*** Entries shown ***
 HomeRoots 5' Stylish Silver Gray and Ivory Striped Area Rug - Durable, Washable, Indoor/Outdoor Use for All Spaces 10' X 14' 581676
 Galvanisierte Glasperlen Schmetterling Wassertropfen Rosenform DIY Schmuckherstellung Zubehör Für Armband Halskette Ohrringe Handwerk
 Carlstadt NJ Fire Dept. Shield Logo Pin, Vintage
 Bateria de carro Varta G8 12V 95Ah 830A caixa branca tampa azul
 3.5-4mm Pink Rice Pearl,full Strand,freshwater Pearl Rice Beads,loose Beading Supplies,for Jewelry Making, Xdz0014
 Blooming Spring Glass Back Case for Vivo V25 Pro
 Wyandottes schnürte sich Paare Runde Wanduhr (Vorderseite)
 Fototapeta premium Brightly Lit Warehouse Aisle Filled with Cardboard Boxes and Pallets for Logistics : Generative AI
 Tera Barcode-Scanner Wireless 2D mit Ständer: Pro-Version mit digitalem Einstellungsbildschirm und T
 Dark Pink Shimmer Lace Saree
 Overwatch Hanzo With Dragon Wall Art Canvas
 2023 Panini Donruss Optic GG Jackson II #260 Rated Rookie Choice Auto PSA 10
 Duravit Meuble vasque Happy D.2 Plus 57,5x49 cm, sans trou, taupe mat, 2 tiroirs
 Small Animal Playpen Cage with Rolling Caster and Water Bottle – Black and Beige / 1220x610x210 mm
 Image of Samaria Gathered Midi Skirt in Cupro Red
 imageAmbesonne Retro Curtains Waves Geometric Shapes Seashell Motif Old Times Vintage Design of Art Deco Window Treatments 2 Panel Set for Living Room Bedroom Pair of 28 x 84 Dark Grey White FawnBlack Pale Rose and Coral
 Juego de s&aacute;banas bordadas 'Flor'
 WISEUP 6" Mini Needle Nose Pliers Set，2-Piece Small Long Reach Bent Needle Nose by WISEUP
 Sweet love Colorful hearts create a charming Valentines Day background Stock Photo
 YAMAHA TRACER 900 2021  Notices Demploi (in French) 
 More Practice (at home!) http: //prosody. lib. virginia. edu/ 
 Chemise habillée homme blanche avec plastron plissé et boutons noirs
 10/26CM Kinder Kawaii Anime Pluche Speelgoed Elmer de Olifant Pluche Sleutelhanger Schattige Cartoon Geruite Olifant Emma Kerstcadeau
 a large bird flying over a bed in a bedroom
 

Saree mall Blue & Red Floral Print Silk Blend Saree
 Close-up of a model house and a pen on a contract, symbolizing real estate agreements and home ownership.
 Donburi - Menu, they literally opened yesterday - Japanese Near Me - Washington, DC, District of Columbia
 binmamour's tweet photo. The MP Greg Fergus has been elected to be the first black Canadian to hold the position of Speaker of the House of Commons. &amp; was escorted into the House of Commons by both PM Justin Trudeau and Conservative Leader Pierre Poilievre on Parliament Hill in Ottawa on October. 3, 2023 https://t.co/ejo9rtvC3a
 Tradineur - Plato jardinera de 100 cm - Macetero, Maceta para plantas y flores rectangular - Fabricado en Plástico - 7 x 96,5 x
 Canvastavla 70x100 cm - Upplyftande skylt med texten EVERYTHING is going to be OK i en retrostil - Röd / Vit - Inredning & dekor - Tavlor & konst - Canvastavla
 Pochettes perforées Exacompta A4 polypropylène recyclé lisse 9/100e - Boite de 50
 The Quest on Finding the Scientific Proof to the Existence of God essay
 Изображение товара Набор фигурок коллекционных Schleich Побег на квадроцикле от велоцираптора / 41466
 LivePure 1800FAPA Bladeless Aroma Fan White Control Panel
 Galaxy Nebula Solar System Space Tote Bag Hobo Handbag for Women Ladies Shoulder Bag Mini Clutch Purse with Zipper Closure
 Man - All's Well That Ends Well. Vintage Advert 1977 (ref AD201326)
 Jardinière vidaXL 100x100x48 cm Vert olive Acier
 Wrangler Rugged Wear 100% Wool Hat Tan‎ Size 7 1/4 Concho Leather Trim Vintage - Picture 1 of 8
*** End of Entries shown ***
Each record above must be given again exactly as written.

[Reply]
 HomeRoots 5' Stylish Silver Gray and Ivory Striped Area Rug - Durable, Washable, Indoor/Outdoor Use for All Spaces 10' X 14' 581676
 Galvanisierte Glasperlen Schmetterling Wassertropfen Rosenform DIY Schmuckherstellung Zubehör Für Armband Halskette Ohrringe Handwerk
 Carlstadt NJ Fire Dept. Shield Logo Pin, Vintage
 Bateria de carro Varta G8 12V 95Ah 830A caixa branca tampa azul
 3.5-4mm Pink Rice Pearl,full Strand,freshwater Pearl Rice Beads,loose Beading Supplies,for Jewelry Making, Xdz0014
 Blooming Spring Glass Back Case for Vivo V25 Pro
 Wyandottes schnürte sich Paare Runde Wanduhr (Vorderseite)
 Fototapeta premium Brightly Lit Warehouse Aisle Filled with Cardboard Boxes and Pallets for Logistics : Generative AI
 Tera Barcode-Scanner Wireless 2D mit Ständer: Pro-Version mit digitalem Einstellungsbildschirm und T
 Dark Pink Shimmer Lace Saree
 Overwatch Hanzo With Dragon Wall Art Canvas
 2023 Panini Donruss Optic GG Jackson II #260 Rated Rookie Choice Auto PSA 10
 Duravit Meuble vasque Happy D.2 Plus 57,5x49 cm, sans trou, taupe mat, 2 tiroirs
 Small Animal Playpen Cage with Rolling Caster and Water Bottle – Black and Beige / 1220x610x210 mm
 Image of Samaria Gathered Midi Skirt in Cupro Red
 imageAmbesonne Retro Curtains Waves Geometric Shapes Seashell Motif Old Times Vintage Design of Art Deco Window Treatments 2 Panel Set for Living Room Bedroom Pair of 28 x 84 Dark Grey White FawnBlack Pale Rose and Coral
 Juego de s&aacute;banas bordadas 'Flor'
 WISEUP 6" Mini Needle Nose Pliers Set，2-Piece Small Long Reach Bent Needle Nose by WISEUP
 Sweet love Colorful hearts create a charming Valentines Day background Stock Photo
 YAMAHA TRACER 900 2021  Notices Demploi (in French) 
 More Practice (at home!) http: //prosody. lib. virginia. edu/ 
 Chemise habillée homme blanche avec plastron plissé et boutons noirs
 10/26CM Kinder Kawaii Anime Pluche Speelgoed Elmer de Olifant Pluche Sleutelhanger Schattige Cartoon Geruite Olifant Emma Kerstcadeau
 a large bird flying over a bed in a bedroom
 

Saree mall Blue & Red Floral Print Silk Blend Saree
 Close-up of a model house and a pen on a contract, symbolizing real estate agreements and home ownership.
 Donburi - Menu, they literally opened yesterday - Japanese Near Me - Washington, DC, District of Columbia
 binmamour's tweet photo. The MP Greg Fergus has been elected to be the first black Canadian to hold the position of Speaker of the House of Commons. &amp; was escorted into the House of Commons by both PM Justin Trudeau and Conservative Leader Pierre Poilievre on Parliament Hill in Ottawa on October. 3, 2023 https://t.co/ejo9rtvC3a
 Tradineur - Plato jardinera de 100 cm - Macetero, Maceta para plantas y flores rectangular - Fabricado en Plástico - 7 x 96,5 x
 Canvastavla 70x100 cm - Upplyftande skylt med texten EVERYTHING is going to be OK i en retrostil - Röd / Vit - Inredning & dekor - Tavlor & konst - Canvastavla
 Pochettes perforées Exacompta A4 polypropylène recyclé lisse 9/100e - Boite de 50
 The Quest on Finding the Scientific Proof to the Existence of God essay
 Изображение товара Набор фигурок коллекционных Schleich Побег на квадроцикле от велоцираптора / 41466
 LivePure 1800FAPA Bladeless Aroma Fan White Control Panel
 Galaxy Nebula Solar System Space Tote Bag Hobo Handbag for Women Ladies Shoulder Bag Mini Clutch Purse with Zipper Closure
 Man - All's Well That Ends Well. Vintage Advert 1977 (ref AD201326)
 Jardinière vidaXL 100x100x48 cm Vert olive Acier
 Wrangler Rugged Wear 100% Wool Hat Tan‎ Size 7 1/4 Concho Leather Trim Vintage - Picture 1 of 8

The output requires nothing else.